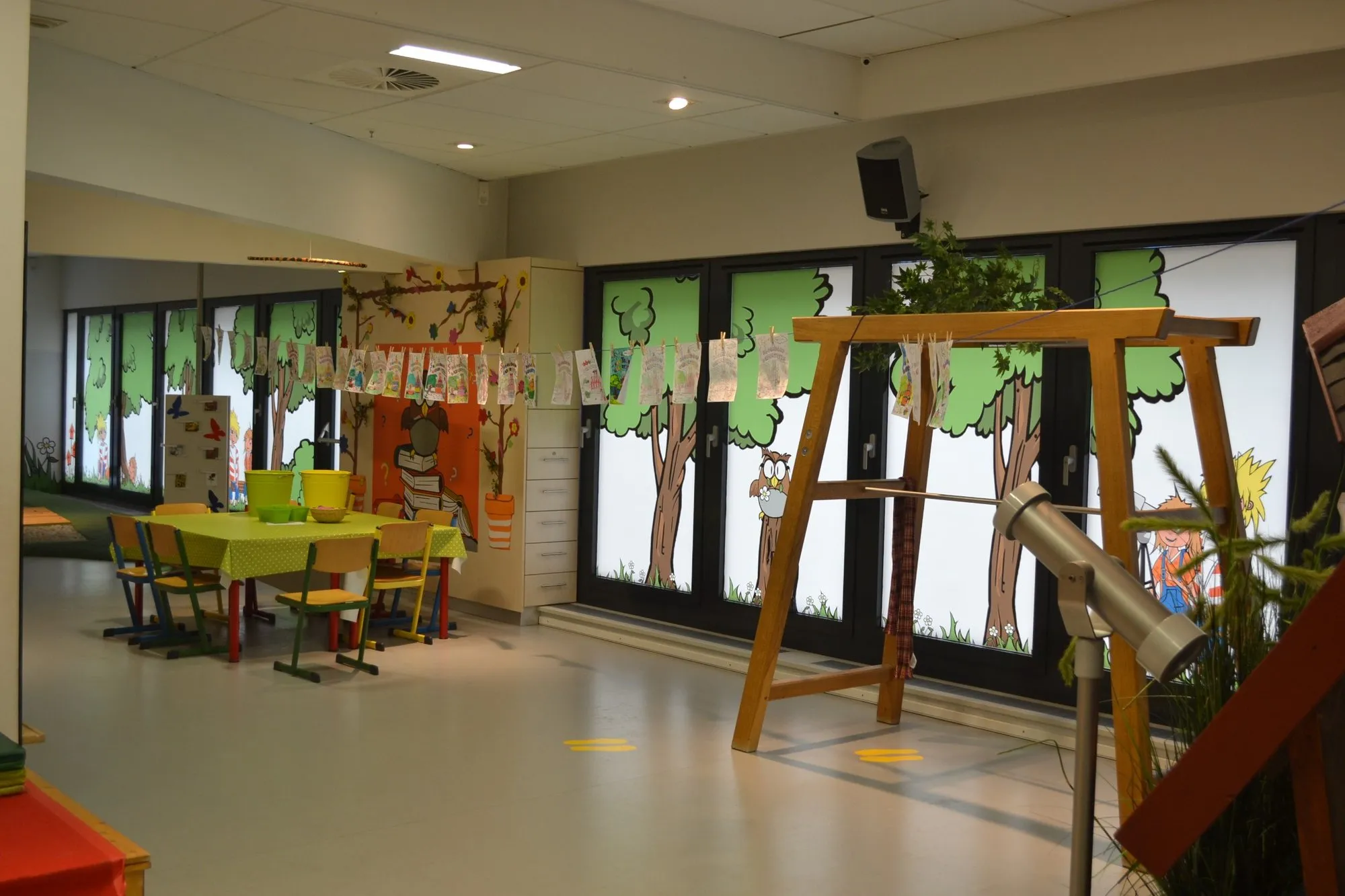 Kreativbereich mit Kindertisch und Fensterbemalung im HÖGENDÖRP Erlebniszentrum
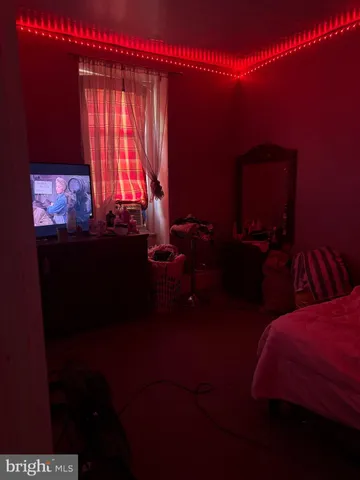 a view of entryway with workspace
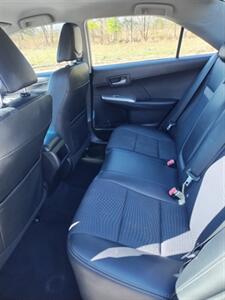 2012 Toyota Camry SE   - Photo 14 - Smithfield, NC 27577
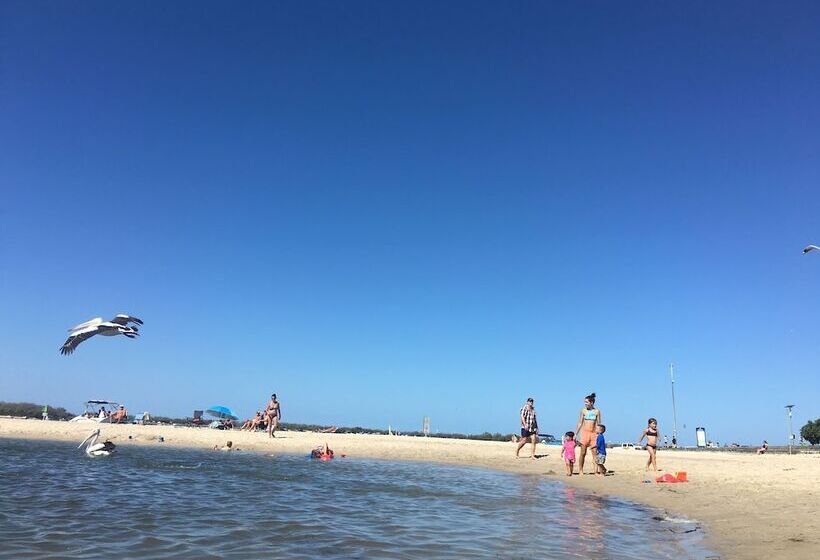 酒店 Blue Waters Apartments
# # # # #
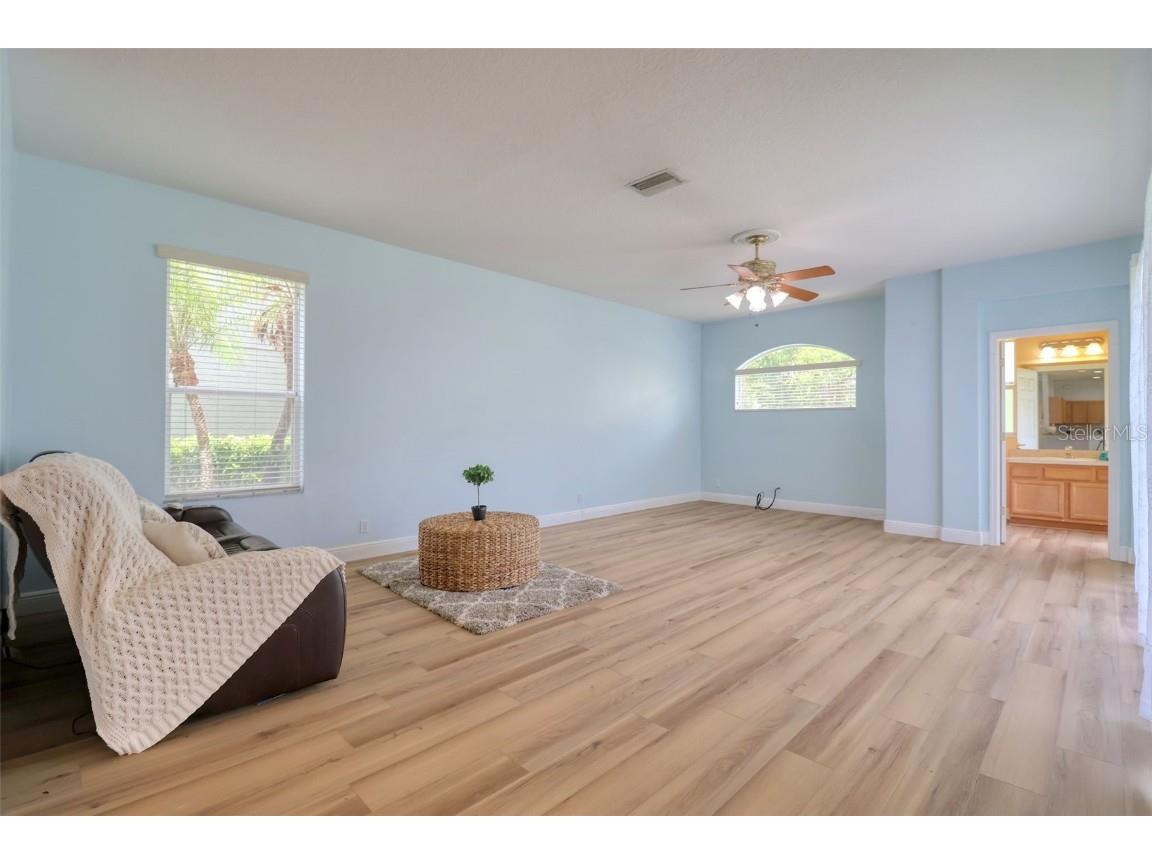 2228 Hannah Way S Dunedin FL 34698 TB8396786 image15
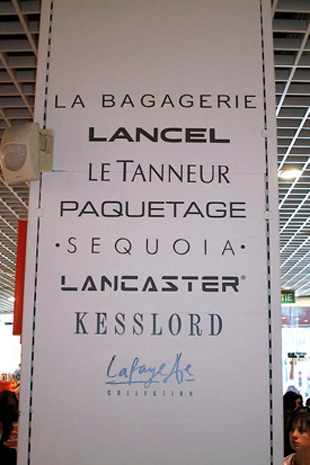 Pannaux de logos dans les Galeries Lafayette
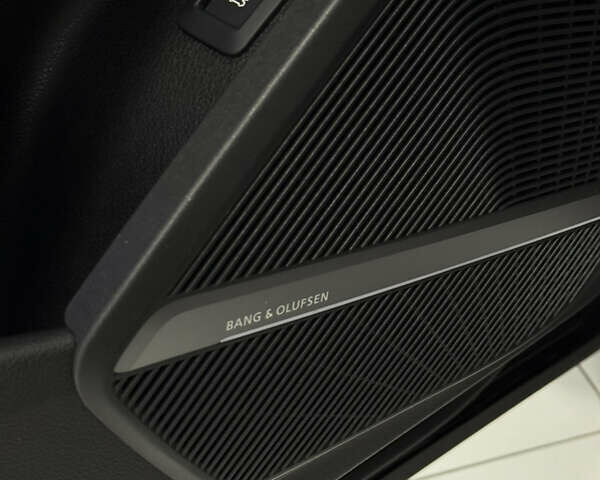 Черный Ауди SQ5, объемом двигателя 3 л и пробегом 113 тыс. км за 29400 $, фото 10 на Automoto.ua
# # # # #
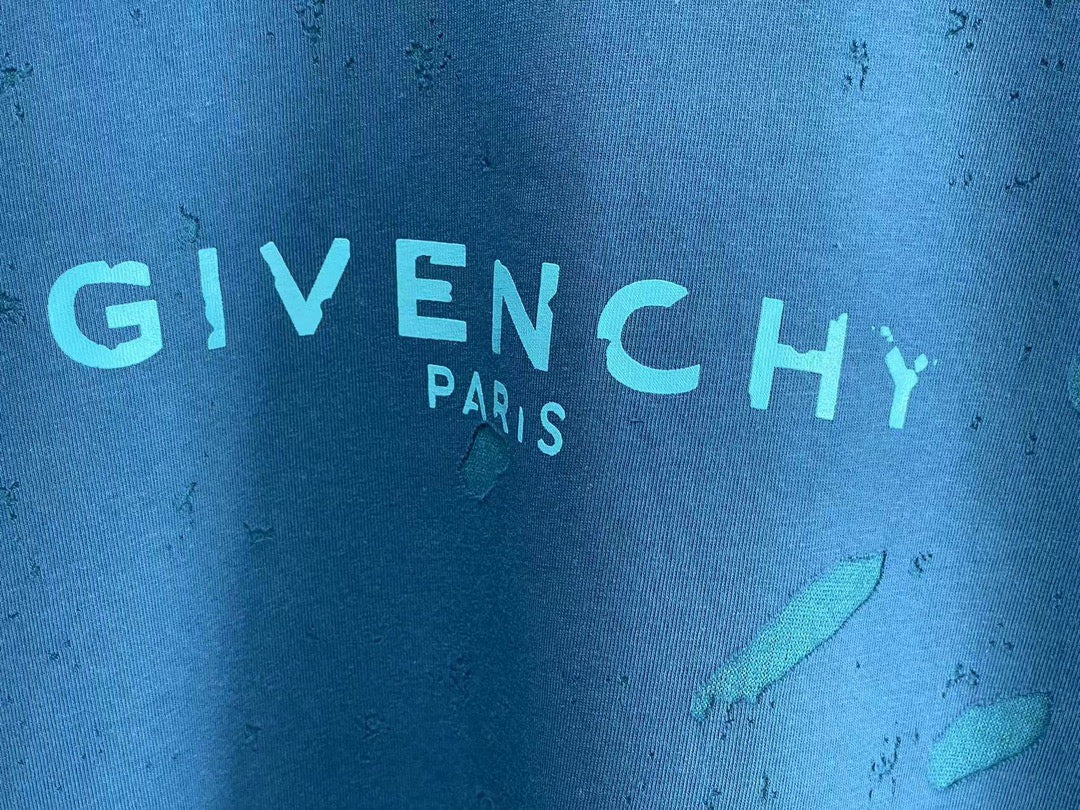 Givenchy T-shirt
# # # # #
▶ _About this task_:
Transcribe, from the material above, the stretch starting at the line with "2012 Toyota Camry" and ending at the line with "酒店 Blue Waters Apartments", both included, exactly. Do not carry over pictures.

▶ _Solution below_:
 2012 Toyota Camry SE   - Photo 14 - Smithfield, NC 27577
 酒店 Blue Waters Apartments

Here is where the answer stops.